We know that, Molarity $\left(M\right)=\frac{\text{ number of moles of solute }(\text{ n) }}{\text{ volume of solution in litres }}$

where,

$M=$ Molarity (Given)

$\mathrm{n}=$ no. of moles

$\mathrm{volume} =500\mathrm{ml} =\frac{500}{1000} \mathrm{l}$ (Given)

$M=\frac{n}{\frac{500}{1000}}=2n\to$ Molarity $=2\times$ moles of solute

$\to Number of moles$  $=\frac{\text{ Molarity }}{2}$

And we know that$\to$ Number of moles $=\frac{\text{ weight }}{\text{ molar mass }}$

$\to Number of moles$ $=\frac{\text{ weight }}{\text{ molar mass }}=\frac{\text{ Molarity }}{2}$

$\to$ weight of solute present in solution $=\frac{\text{ Molarity }}{2}\times$ molar mass (Equation1st)

Weight of solute present in solution= amount of acid present.

And we know about equivalent weight that,

Equivalent weight $=\frac{\text{ molar mass }}{\mathrm{basicity}}$(Equation 2nd)
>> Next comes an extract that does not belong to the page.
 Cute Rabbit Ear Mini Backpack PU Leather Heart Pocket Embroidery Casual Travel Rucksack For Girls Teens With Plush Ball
Here, the number of equivalents will be 2 of dibasic acid because per molecule, it can donate two protons or hydrogen$\left({\mathrm{H}}^{+}\right)$ ions in the acid base reaction.

Rearranging the equation 2 we have:

Equivalent weight $=\frac{\text{ molar mass of dibasic acid }}{2}$

Again, rearranging equation 1 we have:

$\to$ weight of acid present in solution $=$Molarity $\times \frac{\text{ molar mass of dibasic acid }}{2}$

Amount of acid present in solution$=$$\mathrm{Molarity} \times \mathrm{Equivalent} \mathrm{weight}$ 

Hence, option(b) is correct.